Bob Dems, of the City of Springfield Office of Housing, told the Community Preservation Committee that federal HOME program rules and area median price caps are preventing otherwise income-eligible residents from using down-payment assistance: "you can't... find a home in Springfield for under $200000 in existing single-family home" he said, describing an effective HUD 95% median-sales-price cap that now exceeds the market for many city buyers.
Dems explained that the HOME program restricts assistance by a sales-price cap tied to 95% of the Hampden County median; that number was reported in the meeting as about $198,000 for the prior year and was slated to rise to roughly $213,000 in the new HOME limits effective June 1. He said the city has repeatedly had to turn away otherwise-eligible buyers because the sales-price cap prevents them from receiving HOME-funded closing or down-payment help even when buyers meet income eligibility.
Dems described CPA as an alternate funding stream that does not impose the same sales-price cap (though CPA still follows income limits). "CPA does not have a sales price cap they do have the income cap... the income cap goes to 100% of the area Median income," he told the committee, arguing CPA-funded down-payment assistance could help buyers priced out of HOME assistance.
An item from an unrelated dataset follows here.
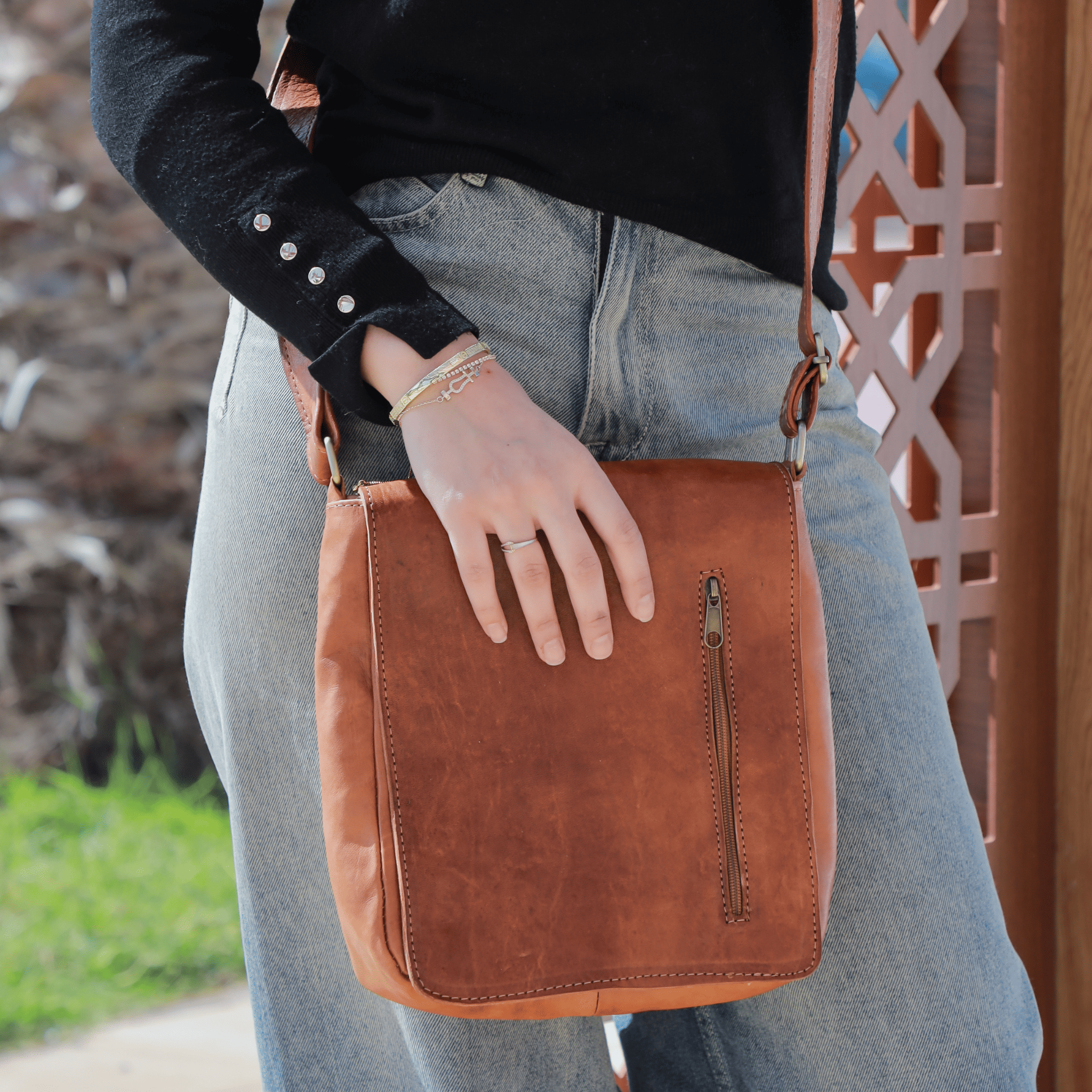 Satchel leather bag Topler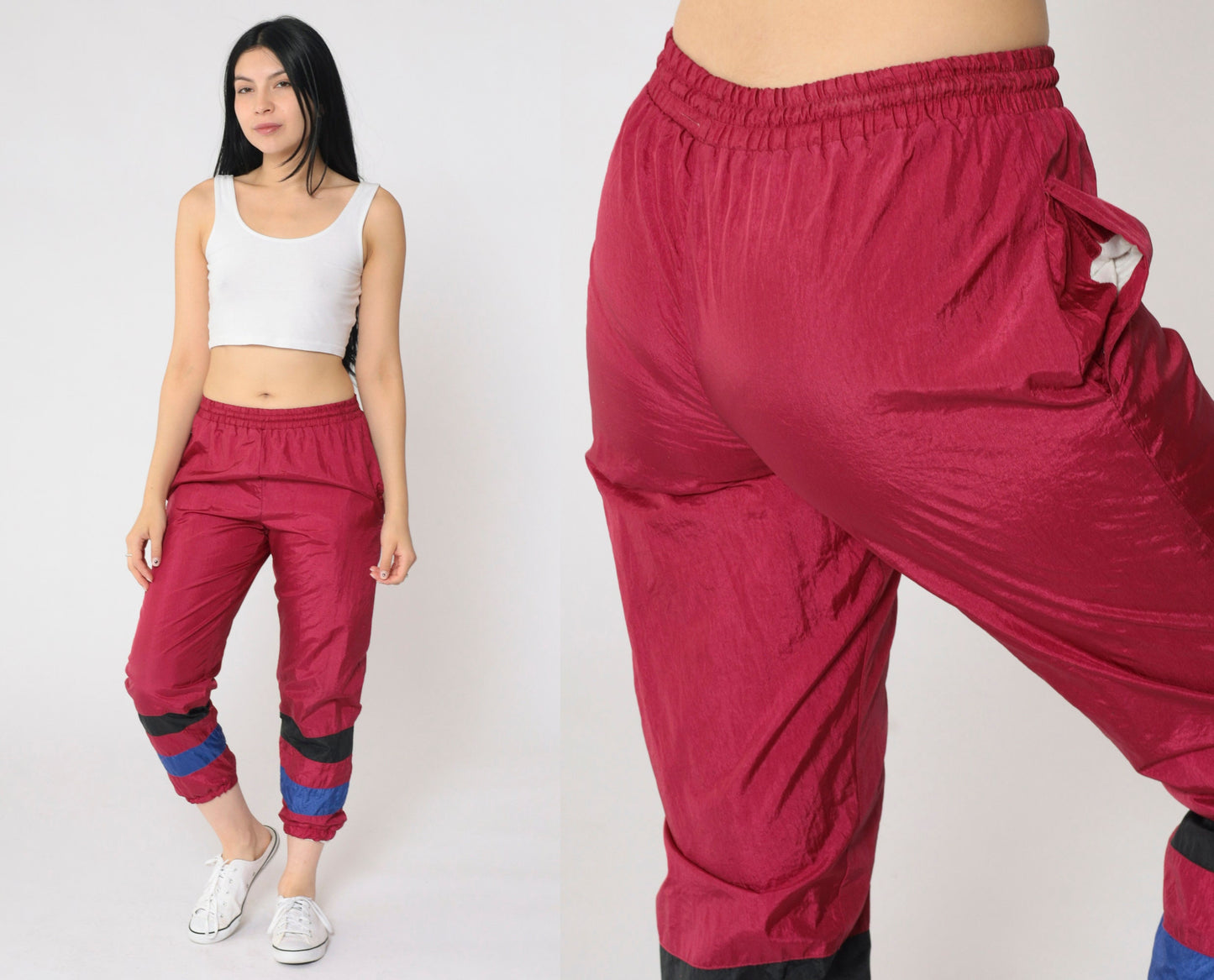 90s Raspberry Nylon Track Pants Striped Kids Medium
Committee members asked for further detail on the proposed CPA program structure, the population it would prioritize, and whether funding would inadvertently exclude buyers in the 80–100% AMI band if CPA dollars are used primarily for lower-income applicants.
Dems agreed to provide the committee with more granular income- and eligibility-illustrations and historical program data so members could weigh a narrowly targeted CPA award. The committee directed staff to accept supplemental information and consider the down-payment request as part of deliberations beginning June 1.